Está en venta, por ejemplo, un franco-guineano de 23 años llamado Paul Pogba por el que varios equipos del fútbol están dispuestos a pagar 120 millones de euros, aparte de los alrededor de veinte millones que recibirá anualmente de su comprador y de otros ingresos propios por imagen y publicidad.
Siendo parte de un equipo con más de veinte jugadores, mucha gente denuncia como injusto pagar tanto por ver corretear jóvenes así, fuertes y habilidosos, habiendo tanto pobre por el mundo.
El obispo de Barcelona, por ejemplo, protesta del precio del madridista Ronaldo, pero no del también costosísimo y evasor de impuestos barcelonista Messi.
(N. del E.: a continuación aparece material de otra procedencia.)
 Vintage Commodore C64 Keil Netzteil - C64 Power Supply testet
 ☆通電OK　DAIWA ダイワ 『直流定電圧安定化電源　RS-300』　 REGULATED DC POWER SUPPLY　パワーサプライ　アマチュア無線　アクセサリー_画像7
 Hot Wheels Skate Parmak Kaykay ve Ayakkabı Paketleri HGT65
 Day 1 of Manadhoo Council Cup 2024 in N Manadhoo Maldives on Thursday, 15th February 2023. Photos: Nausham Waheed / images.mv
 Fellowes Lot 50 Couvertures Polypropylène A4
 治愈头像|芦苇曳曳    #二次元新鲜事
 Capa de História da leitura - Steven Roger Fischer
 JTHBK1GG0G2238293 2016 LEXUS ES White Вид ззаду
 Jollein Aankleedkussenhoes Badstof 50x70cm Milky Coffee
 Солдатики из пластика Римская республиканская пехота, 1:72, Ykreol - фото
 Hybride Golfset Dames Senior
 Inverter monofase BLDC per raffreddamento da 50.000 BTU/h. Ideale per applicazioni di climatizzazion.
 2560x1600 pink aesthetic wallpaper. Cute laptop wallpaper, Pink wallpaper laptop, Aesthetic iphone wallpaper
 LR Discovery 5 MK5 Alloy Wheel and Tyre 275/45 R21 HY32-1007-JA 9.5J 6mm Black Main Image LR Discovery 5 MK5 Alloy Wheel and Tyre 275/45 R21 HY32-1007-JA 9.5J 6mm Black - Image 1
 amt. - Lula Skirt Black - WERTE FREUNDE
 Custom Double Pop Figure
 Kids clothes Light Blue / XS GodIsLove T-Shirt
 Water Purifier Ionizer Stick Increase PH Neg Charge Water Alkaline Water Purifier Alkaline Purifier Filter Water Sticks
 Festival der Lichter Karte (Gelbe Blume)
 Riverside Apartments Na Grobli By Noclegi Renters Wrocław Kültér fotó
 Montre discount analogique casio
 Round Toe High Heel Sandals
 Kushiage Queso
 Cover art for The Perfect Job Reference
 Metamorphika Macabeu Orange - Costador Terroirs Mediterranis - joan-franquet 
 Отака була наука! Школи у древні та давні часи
Y es que aunque Ronaldo sea Cristiano, no es del Barça.
Es el reproche de quienes no entienden que el juego es una actividad tan valorada como los alimentos por la humanidad, incluyendo a los hambrientos.
El juego en todas las especies animales nace con su propia existencia como escuela de supervivencia, pero su valor económico, analizado por primera vez por el antropólogo inglés Burnett Tylor en 1879, ha ido creciendo al convertirse en un espectáculo festivo cotidiano.
El deporte, señalaba Johan Huizinga en 1954, en su biblia de la antropología, “Homo Ludens”, adquiere valor pecuniario cuando se unen la emotividad de los seguidores de cada jugador o atleta, o de sus equipos, que resucitan emociones salvajes y primitivas, émulas de la lucha por la vida.
Y de ello no se libra ni el más pobre de los seres, incentivados ahora por el torrente de los medios de comunicación.
Hay una gigantesca desigualdad de salarios entre los trabajadores comunes y los deportistas de élite, pero, lamentémonos menos, hasta los desempleados la aprueban y se privan de sus comidas para postrarse ante sus tótem Pogba, Ronaldo, Messi y similares.